GroupM’s case against government media switch to Carat hinged on market share/lower prices contention
Does having a bigger share of the media market mean you (you being a media agency) get cheaper prices from media owners?
That appears to be the nub of the complaint and consequent legal action taken by WPP’s GroupM over the UK government’s decision to move its four-year media buying account from WPP construct M4C to Dentsu Aegis, which owns Carat.
The High Court found against GroupM last week although GroupM/WPP says legal action is continuing. This may involve a claim for damages.
GroupM comes into the equation because it negotiates the rates for all of WPP’s media agencies in the UK: Maxus, MEC, MediaCom and Mindshare – and M4C.
GroupM certainly accounts for the lion’s share of UK media billings. According to the FT court papers suggested it had about a third, recent RECMA figures showed it had 43 per cent through its various media agencies. Carat, on the other hand, has about 12 per cent.

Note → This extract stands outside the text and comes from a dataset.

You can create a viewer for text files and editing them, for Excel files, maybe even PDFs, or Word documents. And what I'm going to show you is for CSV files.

12 per cent buys you an awful lot of clout though and Carat has shown in recent years that it is the best in the business at putting together deals for big clients that we might call ‘competitive.’ A few years ago it won General Motors’ global media buying, which came as a shock to US-based media agencies. At the time Carat hotly denied that it had agreed to work on a no-profit basis for the first two years of the contract.
The government’s Cabinet Office said this week that Carat was expected to deliver savings of more than £100m for taxpayers over the next four years, thanks to “a combination of tighter spending controls across public sector campaigning and smarter purchasing.” Which is a red rag to a bull as far as WPP and GroupM are concerned.

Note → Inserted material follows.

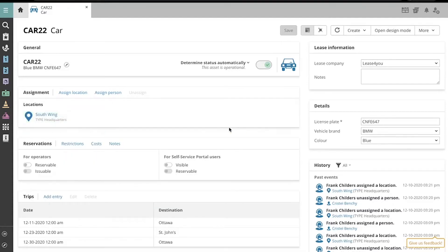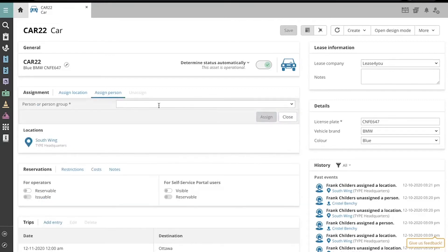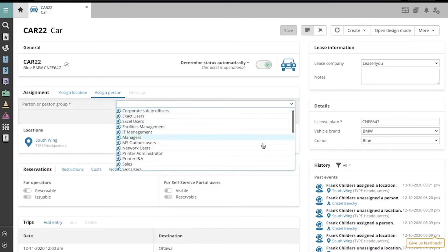To assign the asset to a person or person group, click here and select from the drop-down list.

How Carat is supposed to deliver this, heaven only knows. Campaigns on London Live?
But back to market share. GroupM’s 43 per cent of the UK market (if such it be, WPP agencies scoff at RECMA figures) cuts both ways. If it gets markedly lower prices than the rest then you have, in effect, a two-tier national media market and that would raise competition concerns.
And GroupM’s contention that the Government’s media account should be prevented from moving to a smaller rival – because it’s smaller – is somewhat radical, to say the least. GroupM, of course, would argue that it isn’t saying account moves should be decided in the courts, rather that the Government hasn’t stuck to the conditions outlined in its tender.
So there may be life in this one yet. Another court, should it decide to hear the case, may indeed rule that GroupM has been wronged and is entitled to damages. But it looks as though the UK government’s media account (estimated at £140m although with more cuts apparently on the way that may reduce) is safely lodged at Carat.